2012 in Film: Silent House

Silent House is certainly a horror film through and through, right down to its embarrassing psychologizing explanation at the end. At the same time, though, it presents itself in a way that begs for a reading against the usual modes of valuing a film, so I totally fell into its trap.

The film, shot in such a way as to convey the sense that it is in "real time," is at least as much a riff on Russian Ark as it is on Paranormal Activity, even if the technical achievement is really just a fabrication. And instead of the awesome technical spectacle that Russian Ark provides, we have what is more or less High Tension with less Halloween worship and more formal spectacle. Elizabeth Olsen's acting is pretty fantastic -- and I say this as someone who has no capacity to judge acting ability whatsoever, in addition to having terrible taste & not being able to recommend things to save my life -- but overall, to say the movie drags is sort of a terrible understatement.

But then, there is that one sequence. And god, is it good. When the genre busts right the fuck out of the editorial constraints and stains the walls and the camera and everything, for just a couple minutes, is a delirium of bleeding structures and visually unlocked trauma and just a giant fuck you to the rule-obsessed cretins who appoint themselves gatekeepers of genre.

Unfortunately, it then slinks back, asking their permission for inclusion, with a finale that is well done, for what it is, but betrays the possibility of that sequence in favor of The Motivating Power of Past Rapes and the safe Strong Female Character. Hooray.

What I think is worth preserving about this movie is the way that for it to work requires a mode of reading that is both counterfactual and past-tense; there is not really any critical attempt, at least that I am aware of, that tries to make sense of what having seen a movie achieves, as opposed to actively seeing or going to (in the future) see, barring the way that they pile up on one another in lists of influence. Because of the way the film presents itself as being in a sort of covert dialogue with other films -- the decision to "hide" the cuts cannot possibly be seen outside of the cultural dialogue which would have you believe that movies like Transformers, with their rapid-fire editing (allegedly; I haven't actually seen any of those either) are the latest and truest manifestation of the Death of Cinema -- in conjunction with how, well, boring this film itself really is, for the large majority of its running time, encourages a sense of the film as a thing that had been watched, as opposed to a Viewing Experience. Thematically, that this film's narrative is structured around trauma and how its intrasubjective shattering plays out then makes at least a little more sense, even if it isn't especially well handled.
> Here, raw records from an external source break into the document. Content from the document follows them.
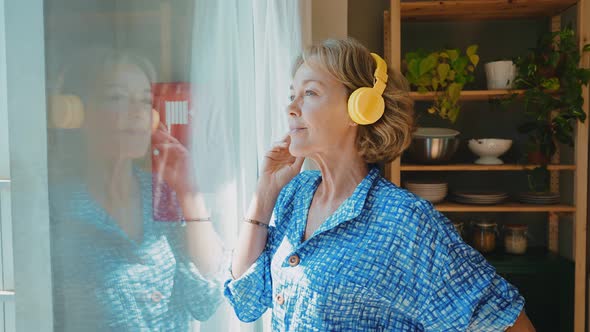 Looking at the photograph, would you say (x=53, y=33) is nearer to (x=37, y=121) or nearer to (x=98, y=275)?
(x=37, y=121)

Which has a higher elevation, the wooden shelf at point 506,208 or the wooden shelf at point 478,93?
the wooden shelf at point 478,93

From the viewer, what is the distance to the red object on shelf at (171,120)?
2.96ft

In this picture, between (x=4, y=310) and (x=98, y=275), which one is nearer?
(x=4, y=310)

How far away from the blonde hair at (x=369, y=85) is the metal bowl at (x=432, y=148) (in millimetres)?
1378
It is basically psychoanalytic in this sense, figuring trauma as not so much an event as a locus, a post ex facto origin story which collapses both development and motivation into a singular symbolic inscription, and which will be symbolically reenacted until the individual makes an appointment to sit on the Magical Ahistorical Couch to work it out from the stranglehold of the Imaginary into the Symbolic & thus be able to sort of purge it.

Uhm, anyway. All these things combined seem to me to suggest, again, that where the film works is not so much in its experience as in how it lingers, and what about it does. So the fact that I now think, however many months later, about that fantastical sequence in terms that don't rely whatsoever on the way it works in relation to the whole, where whole is generally understood as the experiential aspect of the formal, leaves me with the sense that there is something lingeringly worthwhile about the film, even if it isn't good in the way we tend to value these things.